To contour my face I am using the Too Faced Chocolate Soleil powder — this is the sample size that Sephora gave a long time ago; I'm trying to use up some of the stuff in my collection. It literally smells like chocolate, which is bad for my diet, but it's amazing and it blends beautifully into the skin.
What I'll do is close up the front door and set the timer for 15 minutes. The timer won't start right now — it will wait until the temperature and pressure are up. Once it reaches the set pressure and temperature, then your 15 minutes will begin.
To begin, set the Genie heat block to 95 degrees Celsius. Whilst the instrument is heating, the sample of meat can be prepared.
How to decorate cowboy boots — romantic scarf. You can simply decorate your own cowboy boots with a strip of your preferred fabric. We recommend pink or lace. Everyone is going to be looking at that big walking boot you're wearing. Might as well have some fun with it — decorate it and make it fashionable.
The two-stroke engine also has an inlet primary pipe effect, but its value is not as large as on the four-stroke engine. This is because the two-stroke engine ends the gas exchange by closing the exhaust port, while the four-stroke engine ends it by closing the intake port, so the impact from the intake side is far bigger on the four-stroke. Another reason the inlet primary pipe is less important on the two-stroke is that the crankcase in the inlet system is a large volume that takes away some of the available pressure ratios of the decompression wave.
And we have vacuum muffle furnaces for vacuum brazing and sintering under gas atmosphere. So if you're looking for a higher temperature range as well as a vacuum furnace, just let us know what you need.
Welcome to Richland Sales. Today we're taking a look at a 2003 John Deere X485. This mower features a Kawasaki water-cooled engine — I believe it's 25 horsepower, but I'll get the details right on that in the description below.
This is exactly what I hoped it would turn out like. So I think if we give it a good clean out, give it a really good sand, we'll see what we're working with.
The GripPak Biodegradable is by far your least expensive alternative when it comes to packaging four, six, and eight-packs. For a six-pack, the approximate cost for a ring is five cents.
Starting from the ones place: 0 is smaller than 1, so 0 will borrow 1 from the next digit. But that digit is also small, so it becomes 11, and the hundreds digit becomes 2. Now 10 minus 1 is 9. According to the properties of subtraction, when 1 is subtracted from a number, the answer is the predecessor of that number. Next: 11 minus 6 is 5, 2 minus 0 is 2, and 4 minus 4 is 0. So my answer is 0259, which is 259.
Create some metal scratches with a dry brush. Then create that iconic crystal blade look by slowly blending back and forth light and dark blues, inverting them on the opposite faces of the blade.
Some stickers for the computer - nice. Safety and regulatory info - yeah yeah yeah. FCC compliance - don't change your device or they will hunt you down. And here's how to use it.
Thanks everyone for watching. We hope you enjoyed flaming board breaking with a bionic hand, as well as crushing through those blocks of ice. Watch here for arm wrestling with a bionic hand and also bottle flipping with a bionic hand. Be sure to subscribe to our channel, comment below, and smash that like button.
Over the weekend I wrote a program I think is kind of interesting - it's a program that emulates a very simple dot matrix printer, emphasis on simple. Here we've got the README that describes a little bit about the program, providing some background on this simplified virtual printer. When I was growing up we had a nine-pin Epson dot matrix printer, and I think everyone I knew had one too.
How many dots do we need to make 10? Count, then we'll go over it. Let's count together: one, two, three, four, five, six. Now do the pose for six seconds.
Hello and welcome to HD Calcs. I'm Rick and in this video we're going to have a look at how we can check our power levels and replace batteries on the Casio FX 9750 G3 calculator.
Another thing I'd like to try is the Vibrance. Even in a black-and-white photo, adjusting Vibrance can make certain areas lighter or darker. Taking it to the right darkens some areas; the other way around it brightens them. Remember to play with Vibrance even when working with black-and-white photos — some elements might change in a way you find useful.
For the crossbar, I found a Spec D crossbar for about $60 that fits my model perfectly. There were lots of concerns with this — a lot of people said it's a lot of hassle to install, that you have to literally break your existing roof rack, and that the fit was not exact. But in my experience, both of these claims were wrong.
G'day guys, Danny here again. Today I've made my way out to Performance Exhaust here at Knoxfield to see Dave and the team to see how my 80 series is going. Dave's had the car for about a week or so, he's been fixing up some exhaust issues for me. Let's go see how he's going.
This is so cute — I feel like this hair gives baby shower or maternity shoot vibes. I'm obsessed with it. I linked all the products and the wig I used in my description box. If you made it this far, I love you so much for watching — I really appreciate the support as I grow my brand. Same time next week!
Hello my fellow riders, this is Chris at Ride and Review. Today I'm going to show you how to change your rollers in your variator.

--------------------------------

◆ WHAT YOU HAVE TO DO ◆
Copy out all lines above that include the string "five".

◆ OUTPUT OF THE EXERCISE ◆
The GripPak Biodegradable is by far your least expensive alternative when it comes to packaging four, six, and eight-packs. For a six-pack, the approximate cost for a ring is five cents.
How many dots do we need to make 10? Count, then we'll go over it. Let's count together: one, two, three, four, five, six. Now do the pose for six seconds.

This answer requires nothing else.